People v. Anderson, 397 Ill. 583 (1947)

Sept. 18, 1947 · Illinois Supreme Court · No. 30118
397 Ill. 583

(No. 30118.

The People of the State of Illinois, Defendant in Error, vs. William Anderson, Plaintiff in Error.

Opinion filed September 18, 1947.

*584William Anderson, pro se.

George E. Barrett, Attorney General, of Springfield, (William T. Henderson, State’s Attorney, of Danville, „ of counsel,) for the People.

Mr. Justice Fulton

delivered the opinion of the court:

Plaintiff in error, William Anderson, hereinafter referred to as the defendant, was indicted for the crime of rape on July 12, 1944, in the circuit court of Vermilion county. On July 17, 1944, he was arraigned and entered a plea of not guilty. On August 2, 1944, he withdrew his plea of not guilty and entered a plea of guilty to assault with intent to commit rape. He was sentenced to the penitentiary for a term of not less than 10 nor more than 14 years.
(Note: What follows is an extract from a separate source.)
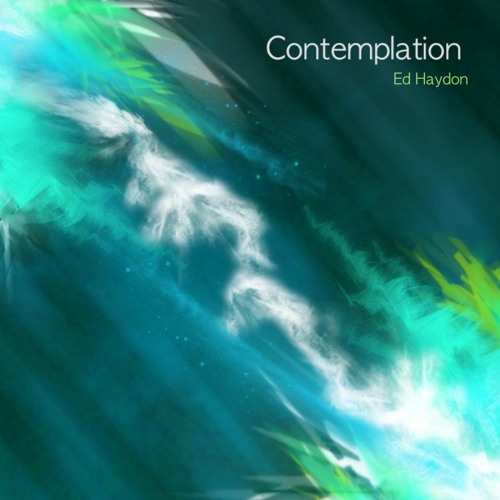 Contemplation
The defendant brings this writ of error upon the common-law record, no bill of exceptions having been filed. He contends that his conviction should be reversed because the common-law record contains no placita, no list of the grand jurors and no order showing the convening of the court. He also contends that he withdrew his plea of not guilty by reason of an agreement entered into by the State’s Attorney and his counsel wherein it was agreed that he would plead guilty to common assault and that the circuit court erred in not carrying out the promise of the State’s Attorney. As further error he alleges that, since the indictment consisted of only one count charging the crime of rape, the court erred in sentencing him for a crime that was not in the indictment. The defendant also contends that error was committed by *585the lower court in sentencing him when the record showed that there was not a written jury waiver executed by the defendant and also that he was denied due process of law and the equal protection of the law by the lower court in not giving him a fair trial and a hearing. While not assigned as error in his brief, the defendant complains because the court did not hear evidence in aggravation or mitigation of the offense to which he pleaded guilty before sentence.
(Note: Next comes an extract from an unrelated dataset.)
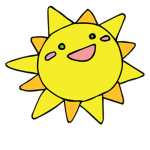 Sunny Shack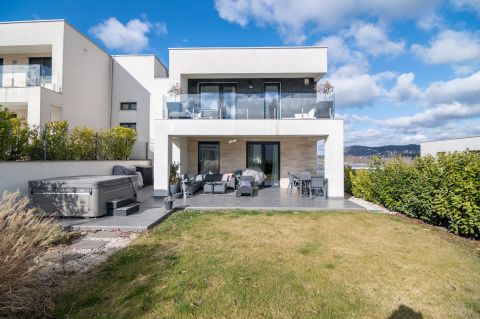 Eladó Ház 2045 Törökbálint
The first alleged error that the common-law record does' not show the convening of the court, list of the grand jurors, and plácito,, is not well taken. The additional abstract of record discloses the plácito, shows that the grand jury was summoned and impanelled as required by law and shows that the court was duly convened.

In the case of People v. Lisle, 390 Ill. 327, the defendant entered a plea of guilty to forgery and after being sentenced sought to have the same set aside by writ of error because the plea of guilty was obtained by deceit, trickery and promises. There was nothing in the record to support these charges and we stated in that case that the common-law record imports verity and, there being no showing from the record that there was any deceit, trickery or promises made to induce the plea of guilty, the judgment of the lower court should be affirmed. We can find from the record in the case at bar no evidence of any alleged promise or agreement between the defendant, his counsel and the State’s Attorney. It appears from the record that on July 17, 1944, at the time of his arraignment the defendant was represented fin open court by counsel and that he pleaded not guilty after being furnished with a copy of the indictment, list of the witnesses and jurors. It appears that the cause was ordered continued until August 2, 1944, and that on that date the defendant was present at court together with his attorney and that he asked leave to withdraw his plea of not guilty *586to the crime of rape and enter his plea of güilty to assault with intent to commit rape. The record shows that he was admonished as to the consequences of his plea but that he persisted in said plea of guilty and that sentence was imposed. It appears that the defendant was represented, both at the time of his arraignment and at the time of the plea of guilty, by counsel of his own choice. Having had the consequences of his plea explained to him and having persisted therein, it appears that his rights were protected and that he was in no manner imposed upon. In the light of these facts, his bald statement that there was an agreement regarding his changing his plea cannot be considered.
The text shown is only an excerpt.